Latest Program: Seorang calon haji NTB meninggal jelang keberangkatan
Seorang Calon Haji NTB Meninggal Jelang Keberangkatan
Mataram, NTB
Dalam penyelenggaraan haji tahun ini, satu calon haji dari Embarkasi Lombok, Nusa Tenggara Barat (NTB) dikabarkan wafat sebelum diberangkatkan ke Tanah Suci, Arab Saudi. Informasi ini disampaikan oleh Kepala Kantor Wilayah Kementerian Haji dan Umrah (Kemenhaj) NTB, Lalu Muhammad Amin, yang mengonfirmasi kejadian tersebut.
“Iya, informasi itu kami sudah terima laporannya,” ujarnya saat jumpa pers di Asrama Haji Kota Mataram, Senin.
Amin menjelaskan bahwa jamaah yang meninggal akan diurus sesuai prosedur yang berlaku. Pemerintah berupaya mempertahankan kuota 5.800-an calon haji NTB, meski ada kejadian tak terduga.
“Jika ada jamaah yang meninggal, tentu akan diproses sesuai ketentuan yang berlaku. Namun kuota NTB sebanyak 5.800-an itu insyaallah tetap terpenuhi, tidak berkurang meski ada yang meninggal,” katanya.

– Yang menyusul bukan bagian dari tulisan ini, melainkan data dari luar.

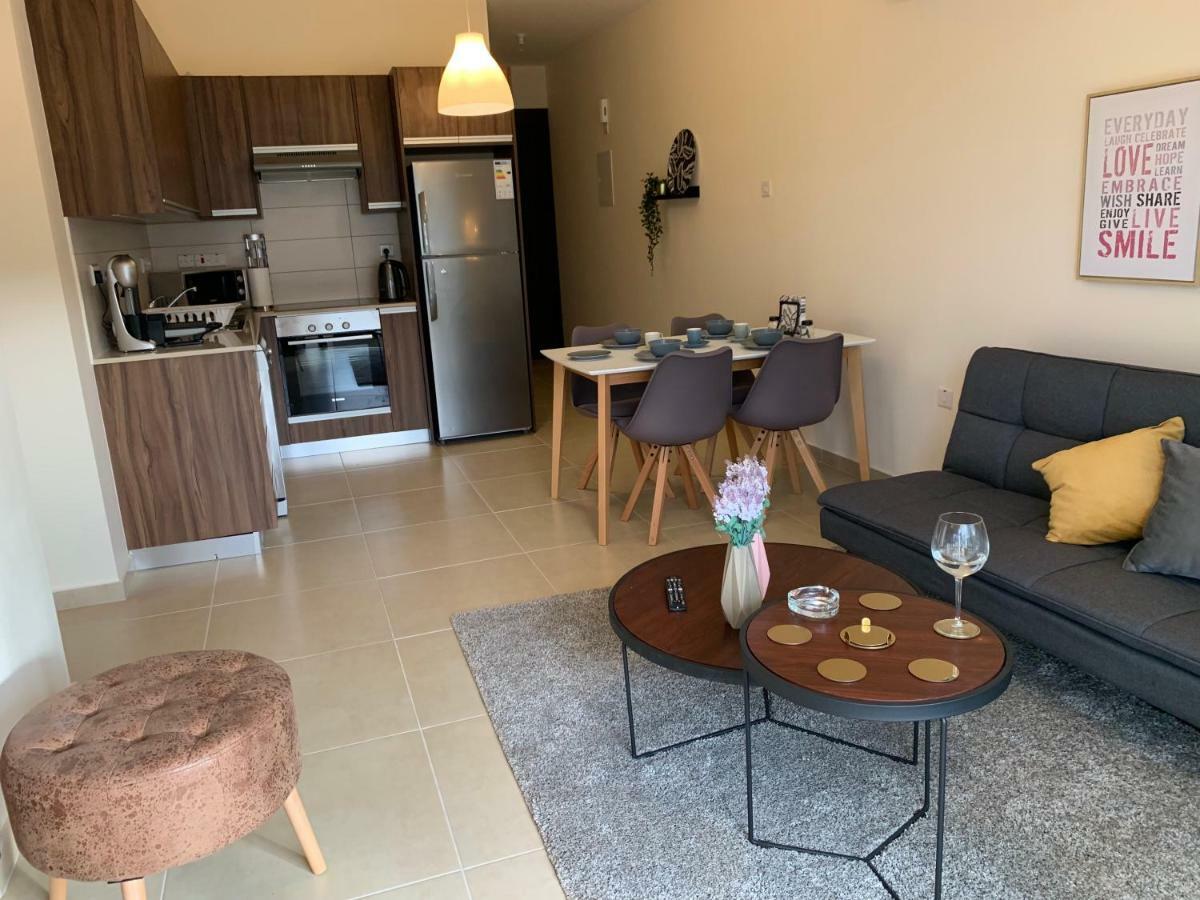 Mythical Sands New Luxury Apartment Paralimni Exterior photo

Calon haji yang wafat, Muhamad Yasin, berasal dari Batujai, Lombok Tengah. Ia rencananya tergabung dalam kloter 7 dan akan masuk Asrama Haji pada 29 April, lalu diberangkatkan ke Tanah Suci pada 30 April 2026.

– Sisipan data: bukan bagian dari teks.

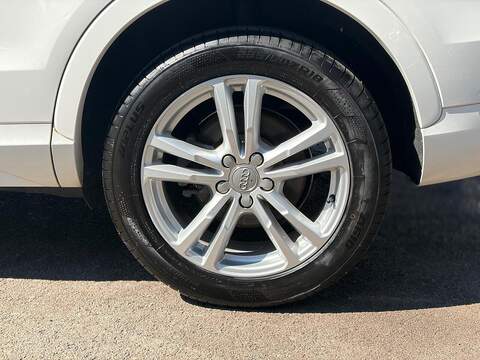 Audi Q3 2.0 TDI S line quattro Euro 6 (s/s) 5dr (Nav) - U248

Total jamaah calon haji (JCH) yang akan diberangkatkan sebanyak 5.798 orang, terbagi dalam 15 kloter. Dalam jumlah tersebut, 80 petugas pendamping turut serta, sehingga total keseluruhan mencapai 5.846 orang.
Dari seluruh calon haji, 190 di antaranya termasuk lansia yang berusia di atas 65 tahun. Meski tidak semua dalam kondisi kesehatan yang menurun, rata-rata usia jamaah NTB tahun ini berada di kisaran 65 tahun ke atas.

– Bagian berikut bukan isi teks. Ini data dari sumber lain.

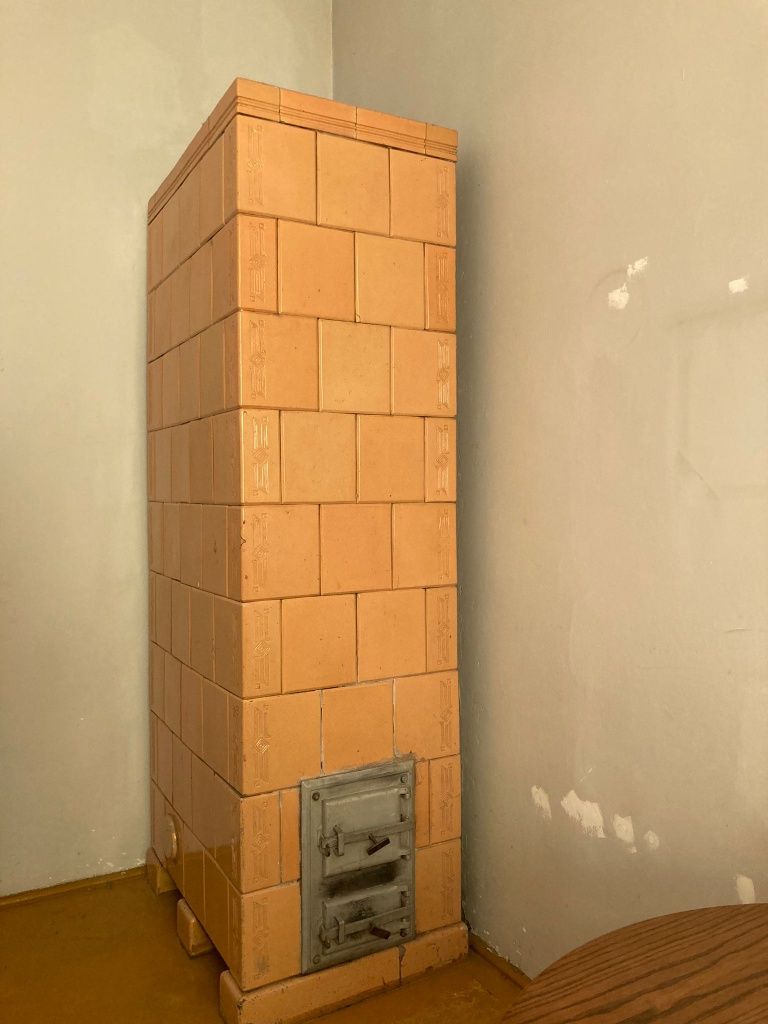 Piec kaflowy, ładne kafle. Polecam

“Bagi yang memiliki risiko kesehatan tinggi tetap akan mendapatkan perhatian khusus,” ujarnya.
Untuk kloter pertama Embarkasi Lombok, 387 calon haji berasal dari Lombok Timur. Mereka akan masuk ke Asrama Haji pada Selasa (21/4) pukul 06.00 Wita, lalu diberangkatkan ke Arab Saudi pada Rabu (22/4) pukul 14.30 Wita.
Menyikapi kondisi cuaca di Arab Saudi, Amin meminta jamaah tetap memperhatikan kesehatan fisik. Suhu di Madinah mencapai 43 derajat Celsius, sementara di Makkah sekitar 36 derajat.
“Makanya kita mengimbau jamaah untuk menjaga kesehatan fisik. Karena banyak di antara jamaah kita yang merupakan lansia,” katanya.